Si compliquée soit-elle, la situation aurait gagné en clarté si les syndicats ne jouaient pas un jeu dangereux. En effet, si la direction trouve devant elle un front syndical uni, les choses ne sont pas si nettes. La CGT qui défend officiellement une position dure est divisée en son sein. Ainsi la CGT Infocom qui rassemble d’anciens ouvriers du livre dont certains devenus SR, la joue plus souple, pour la simple et bonne raison que les salariés qu’elle défend ne seraient pas concernés par le plan de départ… Une garantie obtenue par Colombani et confirmée par Fottorino. Inutile de dire que pour les journalistes sur qui pèse la menace d’un départ contraint, ces « protégés » n’ont pas vraiment la cote…

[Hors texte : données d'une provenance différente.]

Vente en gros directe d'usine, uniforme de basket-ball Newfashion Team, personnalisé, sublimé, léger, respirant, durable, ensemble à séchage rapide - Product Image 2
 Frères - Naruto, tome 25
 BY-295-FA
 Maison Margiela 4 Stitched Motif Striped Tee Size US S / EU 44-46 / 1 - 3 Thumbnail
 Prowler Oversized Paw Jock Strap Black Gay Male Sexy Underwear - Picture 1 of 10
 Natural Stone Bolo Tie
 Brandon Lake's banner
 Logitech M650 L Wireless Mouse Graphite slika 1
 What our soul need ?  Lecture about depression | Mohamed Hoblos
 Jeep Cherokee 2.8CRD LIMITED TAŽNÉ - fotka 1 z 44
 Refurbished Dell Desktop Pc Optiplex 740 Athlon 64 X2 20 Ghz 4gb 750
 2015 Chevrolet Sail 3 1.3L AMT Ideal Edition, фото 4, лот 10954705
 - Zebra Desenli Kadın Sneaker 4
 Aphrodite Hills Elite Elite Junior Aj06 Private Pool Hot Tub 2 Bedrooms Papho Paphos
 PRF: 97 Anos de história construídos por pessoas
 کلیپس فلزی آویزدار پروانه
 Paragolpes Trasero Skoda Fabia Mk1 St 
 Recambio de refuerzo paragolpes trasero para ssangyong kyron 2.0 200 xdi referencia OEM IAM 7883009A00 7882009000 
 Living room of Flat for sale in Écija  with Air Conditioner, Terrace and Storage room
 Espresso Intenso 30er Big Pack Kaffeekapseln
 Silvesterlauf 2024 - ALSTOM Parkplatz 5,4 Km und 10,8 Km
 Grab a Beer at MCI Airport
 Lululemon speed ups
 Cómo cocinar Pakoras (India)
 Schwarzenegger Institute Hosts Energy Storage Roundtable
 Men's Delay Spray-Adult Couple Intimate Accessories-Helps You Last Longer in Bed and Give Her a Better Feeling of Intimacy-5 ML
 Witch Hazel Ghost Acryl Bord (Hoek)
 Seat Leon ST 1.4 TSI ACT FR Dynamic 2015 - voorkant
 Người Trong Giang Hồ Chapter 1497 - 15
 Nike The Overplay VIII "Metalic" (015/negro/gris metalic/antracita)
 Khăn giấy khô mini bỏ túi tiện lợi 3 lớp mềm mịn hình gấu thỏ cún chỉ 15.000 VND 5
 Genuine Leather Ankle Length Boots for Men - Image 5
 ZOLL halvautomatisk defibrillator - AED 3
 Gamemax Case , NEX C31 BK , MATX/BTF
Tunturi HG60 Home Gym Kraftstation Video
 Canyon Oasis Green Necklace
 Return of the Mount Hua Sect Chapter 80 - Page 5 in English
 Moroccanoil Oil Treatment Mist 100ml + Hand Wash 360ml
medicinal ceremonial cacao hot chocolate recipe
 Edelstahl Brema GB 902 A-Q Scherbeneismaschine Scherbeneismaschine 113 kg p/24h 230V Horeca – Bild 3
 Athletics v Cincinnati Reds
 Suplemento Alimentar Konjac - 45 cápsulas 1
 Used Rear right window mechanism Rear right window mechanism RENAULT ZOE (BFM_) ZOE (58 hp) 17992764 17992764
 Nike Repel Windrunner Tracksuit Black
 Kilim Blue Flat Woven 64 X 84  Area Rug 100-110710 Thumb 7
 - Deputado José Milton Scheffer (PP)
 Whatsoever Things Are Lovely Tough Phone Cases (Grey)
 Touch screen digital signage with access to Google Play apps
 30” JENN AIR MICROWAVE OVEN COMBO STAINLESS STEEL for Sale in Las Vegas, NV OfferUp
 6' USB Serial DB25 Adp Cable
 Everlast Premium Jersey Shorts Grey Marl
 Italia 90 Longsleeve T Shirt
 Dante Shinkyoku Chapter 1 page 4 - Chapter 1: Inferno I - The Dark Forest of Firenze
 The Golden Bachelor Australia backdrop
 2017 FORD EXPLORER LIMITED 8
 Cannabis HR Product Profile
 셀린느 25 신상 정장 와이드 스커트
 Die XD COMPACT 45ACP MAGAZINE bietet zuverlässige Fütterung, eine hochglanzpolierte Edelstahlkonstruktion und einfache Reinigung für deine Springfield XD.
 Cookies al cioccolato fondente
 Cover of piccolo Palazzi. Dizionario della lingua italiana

Si le mouvement échoue, c’est le bon Lagardère qui risque d’en profiter. Ce dernier, comme l’avait raconté Bakchich est sur le rang pour grimper dans le capital. Une perspective qui, semble-t-il, ne plaît à personne sauf à lui. Dans une lettre adressée vendredi 2 mai (publié en intégralité par Bakchich) à ses mandants la Société des Rédacteurs du Monde (SRM) demande une réunion d’urgence du conseil de surveillance en dénonçant au passage « l’extrême rudesse de ces mesures qui font des personnels le bouc-émissaire de la mauvaise gestion passée ». De son côté Eric Fottorino devrait envoyer ce lundi 5 mai une lettre aux personnels du groupe. Une façon pour lui de passer par dessus les syndicats.
A la question : « Que pensez-vous de votre successeur à la tête du Monde ? », Jean-Marie Colombani déclarait il y a peu : « Il est édité chez Gallimard, je vous le recommande ». Ça fait toujours plaisir…
M. Piel est tombé dans une bonne intox !
Je cite : "La CGT Infocom qui rassemble d’anciens ouvriers du livre dont certains devenus SR, la joue plus souple, pour la simple et bonne raison que les salariés qu’elle défend ne seraient pas concernés par le plan de départ… Une garantie obtenue par Colombani et confirmée par Fottorino. Inutile de dire que pour les journalistes sur qui pèse la menace d’un départ contraint, ces « protégés » n’ont pas vraiment la cote…"
Foutaises de pisse-copie ! Maintenant si vous avez des informations sur les critères de licenciements de la direction, soyez sûr que tout "Le Monde" sera intéressé ! Fais ton job va sur le terrain !
Je ne sais d’où vous tenez vos chiffres mais ils me semblent fantaisistes.
1) Dans les années 60-70, Le Monde était un journal en un seul cahier, sans supplément "attrape-pub" ; La division en cahiers est venue avec le supplément Radio-TV à partir de 1986 ou 87 ; Les cahiers se sont multipliés à partir de 1989 quand Le Monde a commencé d’être imprimé sur ses nouvelles rotatives ; Sont alors apparus des suppléments dont la seule justification était la rentabilité publicitaire (suppléments Mode, Voyage, Montres, Fêtes de fin d’année…)
2) La suppression du Monde2 en tant que titre autonome, pour en faire un magazine de fin de semaine à la vente forcée, a accéléré ce processus. Est ensuite venue la promotion de "produits plus" pour couronner cette politique éditoriale qui transforme le contenu rédactionnel en "porteur de pub".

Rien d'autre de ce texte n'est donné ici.